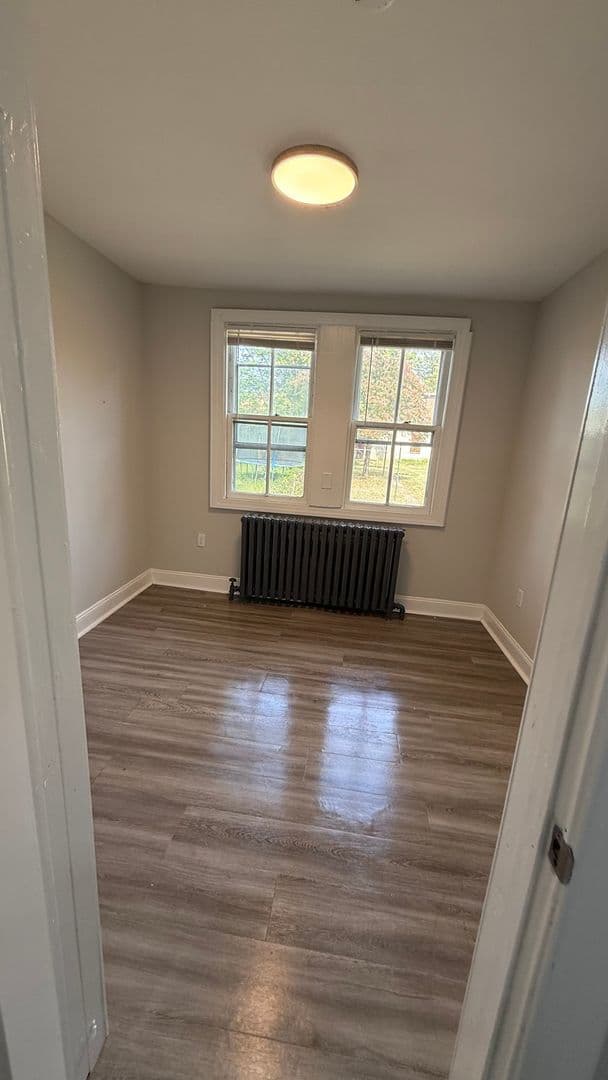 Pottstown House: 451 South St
---
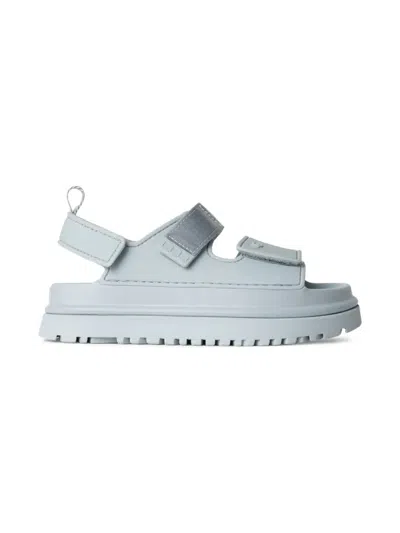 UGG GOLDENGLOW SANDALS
...
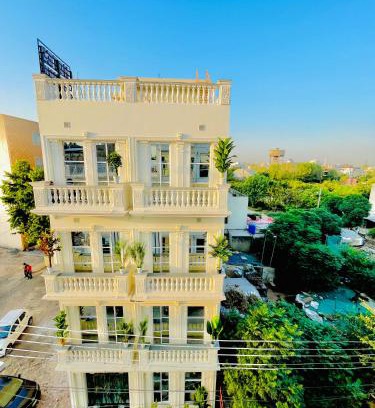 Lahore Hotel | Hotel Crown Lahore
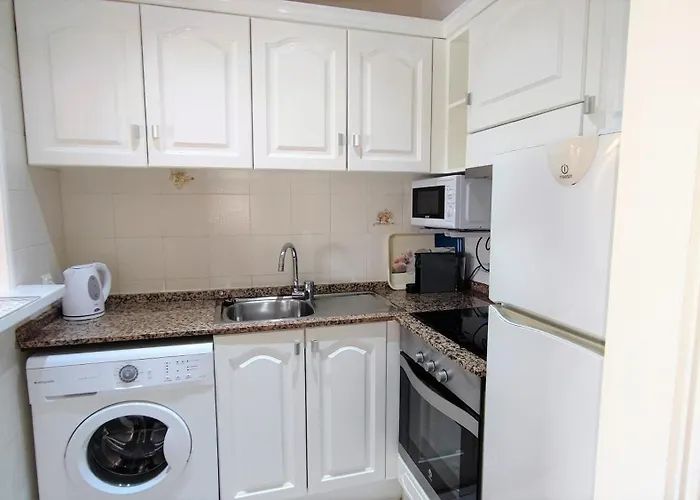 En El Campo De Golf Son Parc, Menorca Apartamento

* What the task asks
Set down word for word the lines above from the one with "Lahore Hotel | Hotel Crown Lahore" up to and including the one with "En El Campo". Omit every picture.

* Problem solution
 Lahore Hotel | Hotel Crown Lahore
 En El Campo De Golf Son Parc, Menorca Apartamento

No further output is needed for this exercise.